McCain's View on Expanded Oil Drilling Uncertain
July 7, 2008
(CNSNews.com) - Republican presidential candidate Sen. John McCain is "open to the possibility" of tapping America's domestic oil and gas reserves, but it is not clear from his voting record whether he would actively push to expand offshore oil recovery efforts.
On ABC's "This Week -with George Stephanopoulos," Sen. Lindsey Graham (R-S.C), a McCain friend and supporter, said the Arizona Republican would be open to talking about looking for oil and gas "in our own backyard."
"John McCain would allow offshore explorations, if the states consent," Graham said Sunday.
Graham's statement echoed the position McCain took in response to a survey conducted by the League of Conservation Voters last year. The League questioned all the 2008 presidential candidates about whether they supported maintaining current moratoriums on new offshore oil and natural gas drilling.
Congress passed the Outer Continental Shelf (OCS) Moratorium in 1981, which prevented the leasing of coastal waters for the purpose of fossil fuel development.
McCain said he supported expansion of oil recovery in the OCS -- with qualifications.
"I believe there are some OCS areas that can and should be developed for their energy potential but the areas should not be those that are ecologically sensitive to such development," McCain said in the survey.
"I also believe that the will of the people of coastal states like Florida and California on issues related to OCS development off their shorelines must be respected and they should have a say in where moratoria are kept in place as well as the terms of such development that is permitted," he said.
McCain added that if oil retrieval is conducted in the Outer Continental Shelf, it should be done according to strict environmental standards and oversight.
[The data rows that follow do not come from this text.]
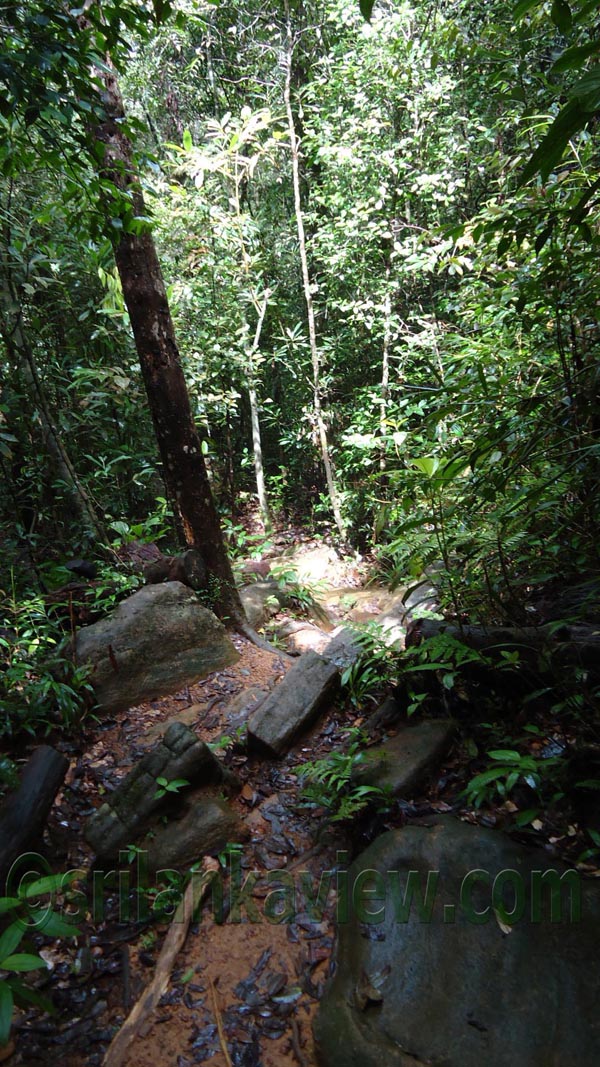 Sinharaja Rain Forest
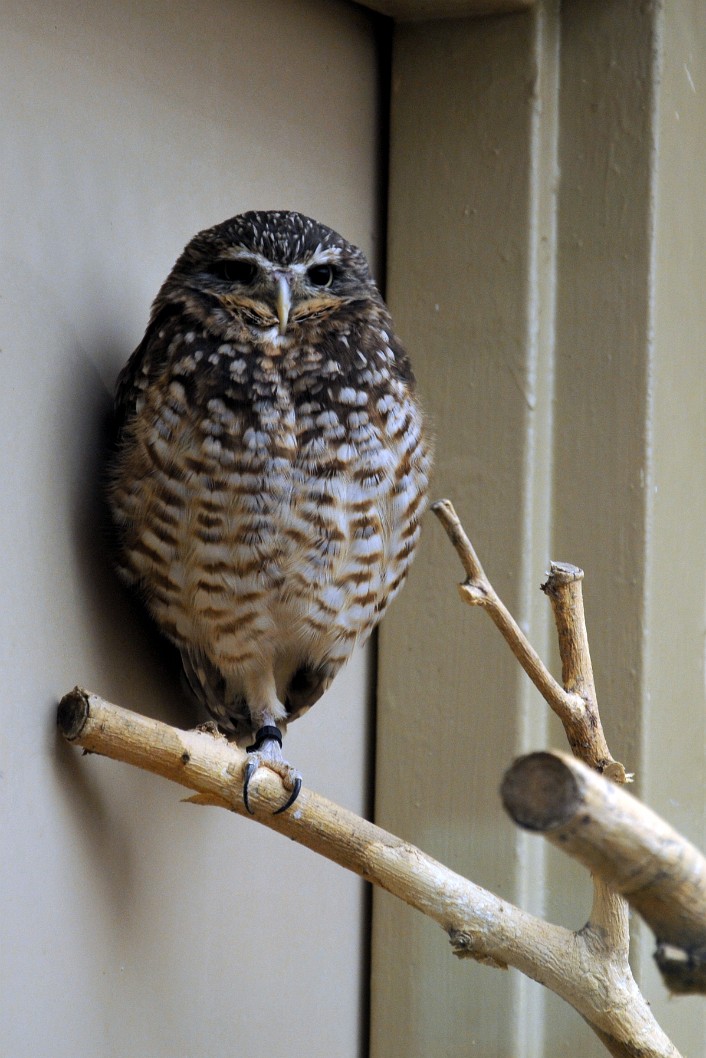 Burrowing Owl Currently Not in a Hole in the Ground Burrowing Owl Currently Not in a Hole in the Ground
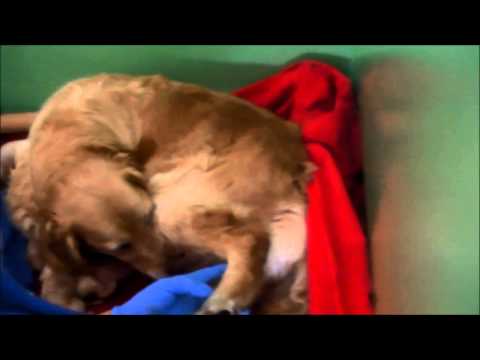 Video: Hur Man Berättar Om En Hund är I Förlossning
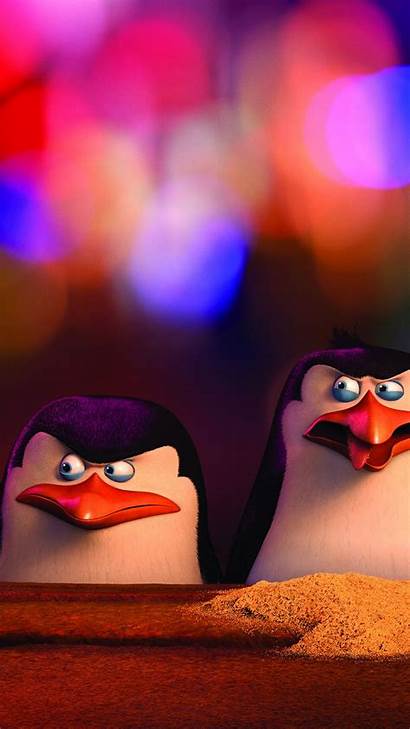 Madagascar Penguins Penguin Cartoon Funny Movies Skipper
The Interior Department's Minerals Management Service determined in February 2006 that approximately 85.9 billion barrels of "undiscovered technically recoverable" oil could be found on the Outer Continental Shelf.
At a town hall meeting in Michigan last month, McCain said he believed the United States should expand its domestic oil drilling operations, but said the states ought to have the right to make the decision whether to drill or not to drill, Reuters reported.
It is difficult to gauge McCain's past voting record on domestic drilling, mainly because in many instances he did not vote.
In March 2008, McCain did not vote, either for or against, on an amendment to increase spending levels on energy-related programs, including the development of oil and natural gas resources in coastal areas not covered by presidential or congressional moratoria. On the same day, McCain did not vote regarding an amendment to increase spending levels on programs to develop natural gas off the coast of Virginia and to develop oil shale resources on public lands.
In June 2007, McCain did not vote, either for or against, on an amendment to allow the governor of Virginia to petition the secretary of the Interior Department to permit natural gas exploration and extraction off its coast.
But McCain did vote in 2005 in support of an amendment to keep the Arctic National Wildlife Refuge (ANWR) closed to oil drilling.
Phone calls to McCain's Senate office on Monday were not immediately returned.
William Yeatman, an energy policy analyst for the Competitive Enterprise Institute, a conservative group, said it is hard to know what policies McCain would follow regarding domestic drilling should he be elected president in November.
He described McCain's - and many other senators' policies - as contradictory because they support a cap-and-trade policy on emissions, which would raise gas prices, while at the same time they criticize the current high price of gas.
"How long can America, on the one hand, say, 'We're sick and tried of high gasoline prices,' and on the other hand say, 'We're not going to do anything about it; we're not going to tap our own resources?'" Yeatman said. "We're going to be the only industrialized nation that keeps itself from its own resources.'"
Yeatman said if it makes economic sense, the United States should drill for its domestic oil.
"We've got the supply," Yeatman said. "Why not tap into it?"
The American Petroleum Institute also supports domestic drilling, said spokeswoman Cathy Landry.
"The fact of the matter is, we have a lot of resources on our own lands, and off our shores, and if we are able to access those, we could potentially reduce our imports of foreign oil," Landry said.
Landry said she could not speak specifically to either of the candidates' proposals, but said gaining access to the billions of barrels of oil offshore and onshore in the United States could help the country meet its energy demand.
"You have to make the decision and open it, and then get people moving," she said.
The League of Conservation Voters, meanwhile, a major environmental group, issued a statement criticizing McCain's policies after his Michigan speech entertaining the possibility of expanding offshore drilling, describing it as a continuation of President Bush's "drill first, ask questions later" approach.
"We will never break our addiction to oil when the only plan on the table is to find and burn more oil and coal," League President Gene Karpinski said last month.